Il Vangelo con questa visione della provvidenza ci permette di costruire in modo autentico la vita. Allora, dando contenuto all’oggi, non abbiamo più timori per il futuro perché l'oggi abitato da Dio, da quel Dio che ci dà il respiro dell'istante, da quel Dio che ci ama in modo favoloso, da quel Dio che ci immerge nella sua vita di eternità, ci dice : è nell'oggi che si sedimenta tutta la vita. Quando l'uomo costruisce oggi tutta la sua vita non ha problema del domani, domani sarà un altro oggi, e allora non ci si perde per strada davanti a tutte le realtà contingenti che in un modo o in un altro potrebbero rovinare la nostra vita. La vita dell'uomo è nascosta con Cristo in Dio.
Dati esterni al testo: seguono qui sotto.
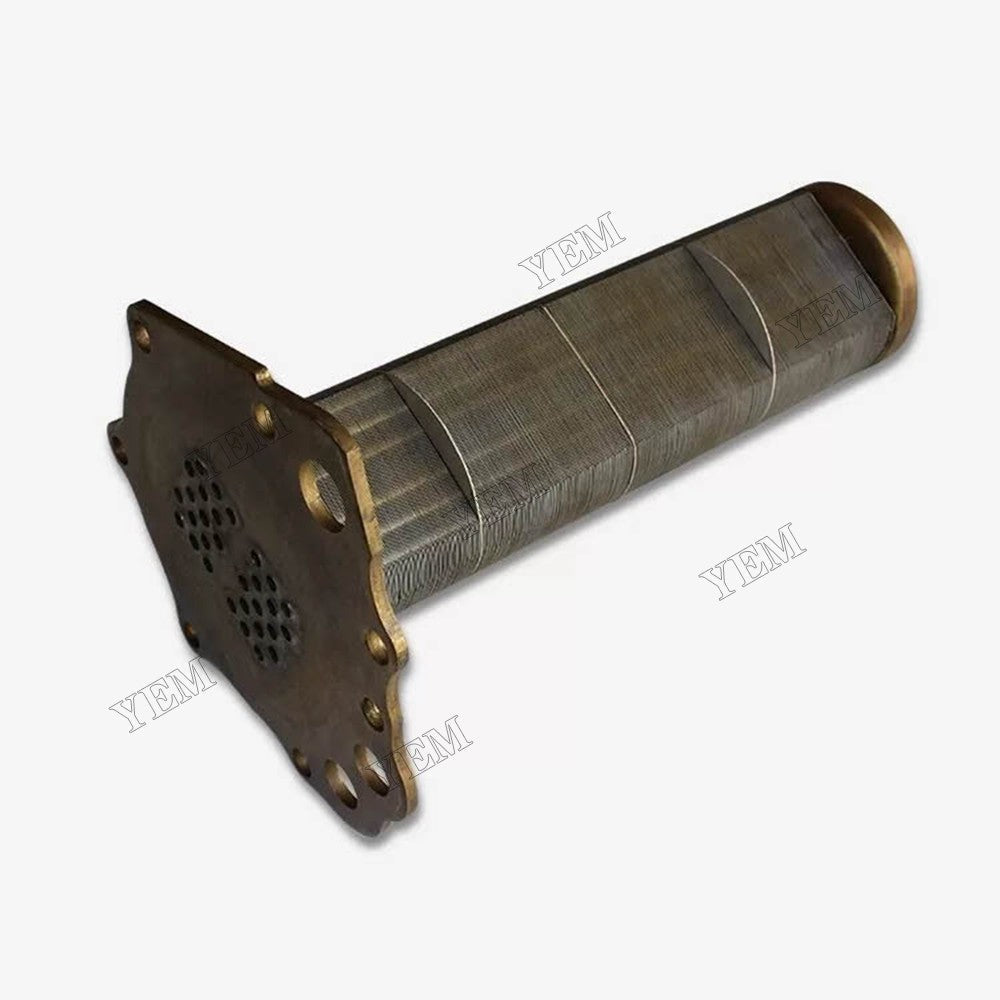 For Cummins Engine 855 NT855 NTA855 86NT 88NT E8 Oil Cooler 3045483 For Cummins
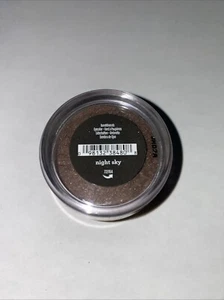 Bare Minerals Night Sky Eyeshadow Rare .57g Bare Escentuals FULL SIZE - Picture 1 of 3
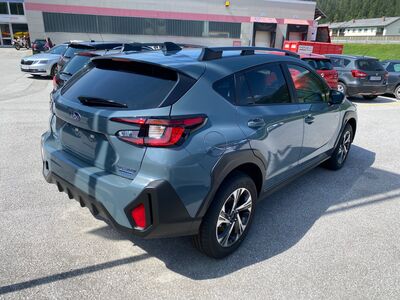 Subaru Crosstrek Neuwagen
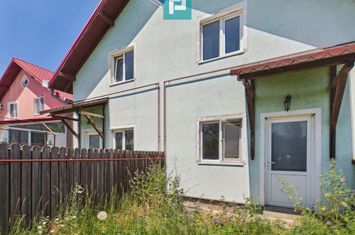 Două duplexuri cu 6 camere, 114mp, zona Confecții anunturi imobiliare Arad
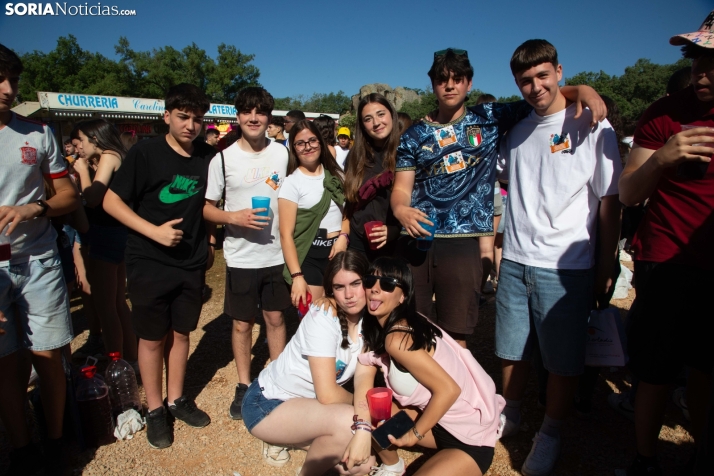 Chiringuitos Lavalenguas 2025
Quando l'uomo nella tranquillità del suo cuore, pur nelle tempeste storiche, si pone nel Signore, si pone a respirare la presenza del Signore, si ritrova così riempito dalla sua presenza che non ha più alcun timore. Quando un cuore è abitato dal senso della vita che è una persona, anche se si trova nella oscurità massima tuttavia abita in una luce ineffabile. Una cosa che l'uomo non riesce a cogliere nella cultura di oggi così legata all'autoreferenzialità e al non senso delle scelte quotidiane è il desiderio di rinverdire la bellezza della fede per dare contenuto all'istante. Anzi, ogni momento che costruiamo nella vita è un meraviglioso sacramento: Dio attraverso la storia ci parla, noi vivendo intensamente la storia parliamo con Dio. Questo è  un meraviglioso sacramento: il sacramento della vita feriale.

Ritrovandoci nell'eucaristia questa mattina sappiamo vivere questa concezione: il Signore  viene in quel pane in quel vino se non per rafforzare le nostre più profonde convinzioni esistenziali e per dirci che lui è talmente con noi che rifà la nostra vita. L'eucarestia è il Signore che rinnova le nostre cellule interiori perché noi veniamo trasfigurati dalla sua ineffabile creatività. Quello che Gesù questa mattina ci ha detto sia motivo di coraggio e di tanta speranza.

Ogni eucaristia è la concezione della vita celebrata nel pane nel vino. Allora l'esistenza assume sfumature ben diverse. Chiediamo allo Spirito Santo che ci doni questa sapienza in modo che la provvidenza sia uno stile interiore con il quale istante per istante ci confrontiamo con la storia e siamo ricchi speranza.

Se il Dio che ci crea è in noi e ci crea continuamente nella sua fiduciosa benevolenza siamo già eternità beata.